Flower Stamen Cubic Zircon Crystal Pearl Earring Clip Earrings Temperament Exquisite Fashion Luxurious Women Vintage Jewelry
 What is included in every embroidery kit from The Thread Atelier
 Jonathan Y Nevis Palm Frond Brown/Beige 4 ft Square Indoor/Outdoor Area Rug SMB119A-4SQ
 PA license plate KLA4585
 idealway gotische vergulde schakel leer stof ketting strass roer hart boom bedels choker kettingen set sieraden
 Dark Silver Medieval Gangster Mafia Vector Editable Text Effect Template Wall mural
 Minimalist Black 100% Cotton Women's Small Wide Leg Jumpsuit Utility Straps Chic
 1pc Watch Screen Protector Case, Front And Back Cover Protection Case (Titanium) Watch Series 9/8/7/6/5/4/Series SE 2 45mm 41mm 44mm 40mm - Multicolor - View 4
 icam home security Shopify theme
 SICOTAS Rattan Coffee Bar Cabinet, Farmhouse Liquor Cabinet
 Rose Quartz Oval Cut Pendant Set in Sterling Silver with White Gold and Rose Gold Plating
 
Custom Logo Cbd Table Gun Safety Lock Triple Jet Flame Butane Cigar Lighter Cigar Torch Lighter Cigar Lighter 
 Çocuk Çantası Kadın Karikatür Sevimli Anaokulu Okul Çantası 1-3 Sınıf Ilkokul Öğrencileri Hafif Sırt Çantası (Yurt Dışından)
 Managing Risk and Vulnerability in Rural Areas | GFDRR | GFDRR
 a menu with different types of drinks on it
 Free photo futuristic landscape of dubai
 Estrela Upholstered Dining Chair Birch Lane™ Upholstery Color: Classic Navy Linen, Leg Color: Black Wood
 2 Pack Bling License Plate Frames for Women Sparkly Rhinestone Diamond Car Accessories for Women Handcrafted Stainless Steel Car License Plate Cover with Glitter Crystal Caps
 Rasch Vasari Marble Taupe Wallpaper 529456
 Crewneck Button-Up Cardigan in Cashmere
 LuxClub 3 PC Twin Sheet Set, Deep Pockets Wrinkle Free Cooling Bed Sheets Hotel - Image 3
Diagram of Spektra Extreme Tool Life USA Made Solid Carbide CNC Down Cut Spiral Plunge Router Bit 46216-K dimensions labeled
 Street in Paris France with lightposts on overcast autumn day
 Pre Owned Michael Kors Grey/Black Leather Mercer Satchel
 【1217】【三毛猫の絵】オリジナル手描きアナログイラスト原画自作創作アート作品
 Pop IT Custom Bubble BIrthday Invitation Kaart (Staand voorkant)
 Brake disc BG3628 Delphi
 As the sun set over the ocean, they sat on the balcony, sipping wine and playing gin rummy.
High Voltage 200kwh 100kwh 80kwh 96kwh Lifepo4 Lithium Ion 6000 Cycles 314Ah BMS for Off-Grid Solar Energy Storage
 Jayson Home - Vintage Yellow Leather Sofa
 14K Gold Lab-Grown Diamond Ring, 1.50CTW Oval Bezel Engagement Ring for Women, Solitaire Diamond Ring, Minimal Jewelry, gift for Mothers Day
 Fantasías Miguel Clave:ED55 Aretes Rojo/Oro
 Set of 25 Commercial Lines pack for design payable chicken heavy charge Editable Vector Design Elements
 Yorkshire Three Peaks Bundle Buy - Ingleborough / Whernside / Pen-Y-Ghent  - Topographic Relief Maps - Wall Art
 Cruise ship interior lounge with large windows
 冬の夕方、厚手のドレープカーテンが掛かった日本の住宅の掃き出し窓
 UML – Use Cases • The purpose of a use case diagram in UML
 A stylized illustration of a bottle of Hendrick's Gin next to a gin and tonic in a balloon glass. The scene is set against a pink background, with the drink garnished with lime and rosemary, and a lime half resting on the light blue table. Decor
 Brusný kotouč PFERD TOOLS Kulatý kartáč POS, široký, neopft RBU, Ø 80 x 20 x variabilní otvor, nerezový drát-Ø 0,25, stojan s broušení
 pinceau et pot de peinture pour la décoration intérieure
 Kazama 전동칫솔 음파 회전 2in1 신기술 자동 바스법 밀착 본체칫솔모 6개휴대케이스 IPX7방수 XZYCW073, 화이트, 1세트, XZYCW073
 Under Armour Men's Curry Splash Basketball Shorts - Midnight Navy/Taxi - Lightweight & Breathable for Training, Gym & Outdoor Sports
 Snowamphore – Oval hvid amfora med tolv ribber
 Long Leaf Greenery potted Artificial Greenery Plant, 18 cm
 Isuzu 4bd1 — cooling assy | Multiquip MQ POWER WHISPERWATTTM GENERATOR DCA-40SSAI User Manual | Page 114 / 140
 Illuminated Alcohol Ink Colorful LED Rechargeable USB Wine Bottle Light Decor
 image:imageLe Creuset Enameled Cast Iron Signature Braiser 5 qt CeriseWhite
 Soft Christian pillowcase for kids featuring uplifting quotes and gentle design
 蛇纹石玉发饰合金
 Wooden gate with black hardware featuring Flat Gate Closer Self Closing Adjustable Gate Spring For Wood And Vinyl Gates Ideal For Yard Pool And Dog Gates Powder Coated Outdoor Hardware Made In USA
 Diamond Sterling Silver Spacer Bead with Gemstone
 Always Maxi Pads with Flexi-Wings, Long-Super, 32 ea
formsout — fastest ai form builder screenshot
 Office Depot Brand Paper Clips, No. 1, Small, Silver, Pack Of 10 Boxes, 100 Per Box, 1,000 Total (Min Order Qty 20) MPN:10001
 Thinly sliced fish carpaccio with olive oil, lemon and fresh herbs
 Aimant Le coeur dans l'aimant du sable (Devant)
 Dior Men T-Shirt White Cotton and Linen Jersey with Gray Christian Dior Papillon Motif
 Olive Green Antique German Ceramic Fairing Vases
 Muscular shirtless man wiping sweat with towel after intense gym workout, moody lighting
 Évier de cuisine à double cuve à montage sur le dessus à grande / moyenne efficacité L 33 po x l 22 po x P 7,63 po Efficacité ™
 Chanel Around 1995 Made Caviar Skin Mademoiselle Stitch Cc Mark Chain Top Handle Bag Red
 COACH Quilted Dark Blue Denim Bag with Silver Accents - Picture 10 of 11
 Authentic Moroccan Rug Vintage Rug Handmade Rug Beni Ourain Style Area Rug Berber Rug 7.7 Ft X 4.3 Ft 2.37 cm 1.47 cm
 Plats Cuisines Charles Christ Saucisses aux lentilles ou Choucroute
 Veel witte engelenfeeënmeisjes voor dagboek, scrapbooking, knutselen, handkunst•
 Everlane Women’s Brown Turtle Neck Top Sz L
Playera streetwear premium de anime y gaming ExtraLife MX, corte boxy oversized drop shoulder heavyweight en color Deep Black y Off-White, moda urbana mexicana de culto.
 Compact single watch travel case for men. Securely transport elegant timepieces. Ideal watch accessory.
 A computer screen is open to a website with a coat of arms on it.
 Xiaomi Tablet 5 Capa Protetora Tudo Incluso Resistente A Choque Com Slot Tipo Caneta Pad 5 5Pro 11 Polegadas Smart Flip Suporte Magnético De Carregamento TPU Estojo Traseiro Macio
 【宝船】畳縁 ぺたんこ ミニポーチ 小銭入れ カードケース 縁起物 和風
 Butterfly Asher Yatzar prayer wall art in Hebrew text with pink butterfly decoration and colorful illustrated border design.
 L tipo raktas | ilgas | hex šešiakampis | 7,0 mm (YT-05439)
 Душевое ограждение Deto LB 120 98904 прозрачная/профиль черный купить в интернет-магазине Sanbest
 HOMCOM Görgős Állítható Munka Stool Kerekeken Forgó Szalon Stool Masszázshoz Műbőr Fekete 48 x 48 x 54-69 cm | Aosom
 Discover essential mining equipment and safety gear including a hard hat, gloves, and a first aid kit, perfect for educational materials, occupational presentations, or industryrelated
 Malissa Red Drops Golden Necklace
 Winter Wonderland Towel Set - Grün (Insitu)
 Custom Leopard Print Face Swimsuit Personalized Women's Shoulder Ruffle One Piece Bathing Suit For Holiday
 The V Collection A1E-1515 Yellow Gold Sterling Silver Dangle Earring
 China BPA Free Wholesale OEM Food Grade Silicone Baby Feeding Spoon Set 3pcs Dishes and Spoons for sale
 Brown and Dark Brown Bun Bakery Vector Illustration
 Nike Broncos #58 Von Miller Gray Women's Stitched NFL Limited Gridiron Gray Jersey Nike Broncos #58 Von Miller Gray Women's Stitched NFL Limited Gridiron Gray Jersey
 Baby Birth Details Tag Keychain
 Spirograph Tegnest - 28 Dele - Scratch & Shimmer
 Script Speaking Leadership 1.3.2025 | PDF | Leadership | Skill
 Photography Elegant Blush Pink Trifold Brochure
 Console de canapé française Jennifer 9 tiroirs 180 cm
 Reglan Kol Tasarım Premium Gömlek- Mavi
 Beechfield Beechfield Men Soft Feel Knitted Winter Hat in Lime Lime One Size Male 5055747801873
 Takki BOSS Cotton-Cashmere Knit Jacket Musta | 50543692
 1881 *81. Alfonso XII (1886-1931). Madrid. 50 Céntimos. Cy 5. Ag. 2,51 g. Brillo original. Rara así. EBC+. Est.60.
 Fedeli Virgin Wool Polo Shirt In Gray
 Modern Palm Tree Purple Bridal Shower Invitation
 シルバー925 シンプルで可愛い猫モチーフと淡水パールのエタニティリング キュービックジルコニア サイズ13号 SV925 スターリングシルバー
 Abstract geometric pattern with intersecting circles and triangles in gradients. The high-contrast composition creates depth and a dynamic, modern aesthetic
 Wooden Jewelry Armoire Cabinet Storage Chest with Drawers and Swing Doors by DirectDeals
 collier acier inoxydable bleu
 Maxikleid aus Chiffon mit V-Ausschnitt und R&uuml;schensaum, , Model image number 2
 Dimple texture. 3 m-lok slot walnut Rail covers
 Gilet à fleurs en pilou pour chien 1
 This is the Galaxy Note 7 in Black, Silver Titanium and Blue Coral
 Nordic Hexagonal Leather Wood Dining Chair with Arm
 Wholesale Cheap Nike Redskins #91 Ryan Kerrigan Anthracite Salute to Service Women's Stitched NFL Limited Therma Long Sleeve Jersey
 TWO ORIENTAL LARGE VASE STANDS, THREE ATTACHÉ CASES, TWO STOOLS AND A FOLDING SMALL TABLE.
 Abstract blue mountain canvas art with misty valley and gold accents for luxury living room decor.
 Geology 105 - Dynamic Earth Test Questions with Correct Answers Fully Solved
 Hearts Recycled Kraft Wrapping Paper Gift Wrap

Work to complete
In the material, count each line that holds the string "Outdoor", and report only how many there are.

Response
3